Burada en değerli mevzulardan bir tanesi şudur; Not verecek olan vatandaşımızdır. Göz nazaran göre vatandaşlarımıza palavra söyleniyor. Bakın tıpkı kavşaktan geçiyorsunuz. 14 Mayıs öncesinde o kavşağa yazdıklarıyla Kemal Kılıçdaroğlu ismine, 14 Mayıs’tan sonra yazdıkları birbirine yüzde 100 zıt. Bir hafta içerisinde yüzde 100 zıt palavra siyasetine savrulan bir tablo ortaya çıkıyor.

Zafer Partisi Kemal Kılıçdaroğlu’nun kazanmasını bir ulusal güvenlik sorunu görüyordu.
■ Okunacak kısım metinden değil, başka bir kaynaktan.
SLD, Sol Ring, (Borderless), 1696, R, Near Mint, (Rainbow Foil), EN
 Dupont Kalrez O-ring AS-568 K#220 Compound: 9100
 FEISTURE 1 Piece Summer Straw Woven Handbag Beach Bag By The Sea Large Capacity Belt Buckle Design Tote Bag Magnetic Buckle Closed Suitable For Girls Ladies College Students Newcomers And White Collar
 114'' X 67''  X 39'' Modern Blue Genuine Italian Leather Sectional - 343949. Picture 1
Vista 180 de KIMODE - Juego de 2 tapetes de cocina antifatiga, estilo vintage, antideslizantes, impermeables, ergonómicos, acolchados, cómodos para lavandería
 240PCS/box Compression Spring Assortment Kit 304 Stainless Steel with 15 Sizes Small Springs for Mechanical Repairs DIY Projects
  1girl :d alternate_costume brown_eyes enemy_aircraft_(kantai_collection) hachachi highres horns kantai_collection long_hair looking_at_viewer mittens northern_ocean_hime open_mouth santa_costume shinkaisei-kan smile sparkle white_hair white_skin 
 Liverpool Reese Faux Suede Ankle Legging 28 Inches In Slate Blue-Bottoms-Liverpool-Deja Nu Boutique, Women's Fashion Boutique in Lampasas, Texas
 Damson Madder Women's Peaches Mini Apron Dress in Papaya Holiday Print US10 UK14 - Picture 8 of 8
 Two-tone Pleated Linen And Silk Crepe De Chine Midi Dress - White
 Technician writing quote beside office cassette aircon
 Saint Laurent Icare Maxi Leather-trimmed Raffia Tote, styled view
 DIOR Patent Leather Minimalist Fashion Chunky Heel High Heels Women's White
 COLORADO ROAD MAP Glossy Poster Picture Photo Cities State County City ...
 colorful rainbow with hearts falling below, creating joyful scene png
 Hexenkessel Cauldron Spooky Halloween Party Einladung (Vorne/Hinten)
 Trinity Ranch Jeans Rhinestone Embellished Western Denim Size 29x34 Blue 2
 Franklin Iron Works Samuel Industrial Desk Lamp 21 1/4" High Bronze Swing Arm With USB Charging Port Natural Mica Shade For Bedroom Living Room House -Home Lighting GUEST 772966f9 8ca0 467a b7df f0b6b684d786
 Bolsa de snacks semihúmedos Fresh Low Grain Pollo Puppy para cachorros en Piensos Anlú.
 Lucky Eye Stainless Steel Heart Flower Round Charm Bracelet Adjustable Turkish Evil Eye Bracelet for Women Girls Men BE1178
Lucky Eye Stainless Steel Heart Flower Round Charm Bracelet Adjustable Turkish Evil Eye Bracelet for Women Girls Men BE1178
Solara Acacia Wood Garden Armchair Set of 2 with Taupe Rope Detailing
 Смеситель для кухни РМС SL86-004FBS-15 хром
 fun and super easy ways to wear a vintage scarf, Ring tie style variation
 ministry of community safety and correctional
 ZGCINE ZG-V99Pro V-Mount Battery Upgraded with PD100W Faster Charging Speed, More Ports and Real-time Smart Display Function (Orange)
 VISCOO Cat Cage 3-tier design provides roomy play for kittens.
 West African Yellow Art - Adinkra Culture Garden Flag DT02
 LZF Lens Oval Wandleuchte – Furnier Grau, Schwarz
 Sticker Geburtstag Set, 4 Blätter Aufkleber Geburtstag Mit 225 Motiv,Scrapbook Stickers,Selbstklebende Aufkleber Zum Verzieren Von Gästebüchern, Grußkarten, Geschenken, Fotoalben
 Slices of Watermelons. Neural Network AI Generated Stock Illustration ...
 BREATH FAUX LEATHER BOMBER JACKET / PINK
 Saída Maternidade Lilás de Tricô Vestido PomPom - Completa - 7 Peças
Bunu genel liderleri daima olarak açıklıyordu. ‘Kemal Kılıçdaroğlu kazanırsa’, bir de o tabiri kullanarak, ‘Türkiye’de savaş çıkar, çatışma çıkar’ gibisinden gündemler oluşturmaya çalışıyorlardı. Demek ki herkes koltuk hesabı üzerinden kendi çıkarlarını, Türkiye’nin hak ve menfaatlerinin önüne geçiriyor.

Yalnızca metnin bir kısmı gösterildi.